I walked in and my heart sank. It was a ceramic hole. The floor was wet (with water, from the flush, not wee). I really, really needed to go and couldn’t just turn back to the car, legs crossed, hoping for the best. Suffice to say, it didn’t go well. My lovely dungarees were so baggy that they fell around my shoes and got wet immediately. I did my wee, trying desperately not to actually wee all over said already-wet dungarees, also trying so hard not to set my J-pouch off because that would mean – and I’m sorry, but you need to know this – that would mean literally spraying my breakfast all over the place, including upon myself. I do not have the luxury of doing a pooh as most of you do. I expel water, air and bits of salad and olives, usually, so yeah, a hole in the ground is my absolute worst nightmare.
How did I manage? Well, I had to hold the straps with one hand and the toilet paper with another. I then had to manouvre myself into position so I could stand up without falling backwards into the hole I’d just peed in, whilst simultaneously hauling up my soaked-with-the-previous-occupant’s-flush-water-dungarees and knickers which, of course, were all tangled together. Oh, and doing that balancing act with Ankylosing Spondylitis to boot? Yes, you hear me. To this day I have no idea how I didn’t fall backwards, forwards, sideways or any other way. My balance was somewhat compromised, to say the least. I came out of there in a state of shock and almost asked for a strong cigarette myself. ‘You look a bit traumatised,’ noticed Gautier. ‘You don’t say!’ I croaked, pointing to my wet ankles.
It’s safe to say that it was the most treacherous, stressful and exhausting five minutes of my adult life. I got back into the car. I was almost in tears. ‘Next time we stop, let’s find a McDonald’s’, I suggested. We found one. We stopped. The toilets were proper, and I was ecstatic. I celebrated with a Happy Meal; it seemed appropriate, as I was happy.

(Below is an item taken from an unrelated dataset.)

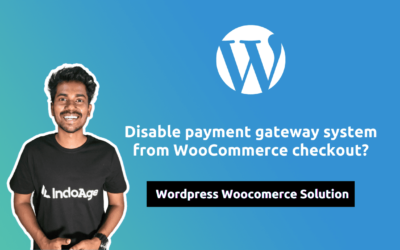 How to disable payment gateway system from WooCommerce checkout?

People wonder why I don’t want to visit China or India when I have this kind of trouble in ruddy Europe. ‘I’d like to go to China,’ says Gautier, forgetting that he is such a private person he has never even done a wee with the bathroom door open, let alone experienced a Chinese toilet situation. ‘Send me a postcard,’ I scoff, ‘and I’ll read it on my pedestal toilet.’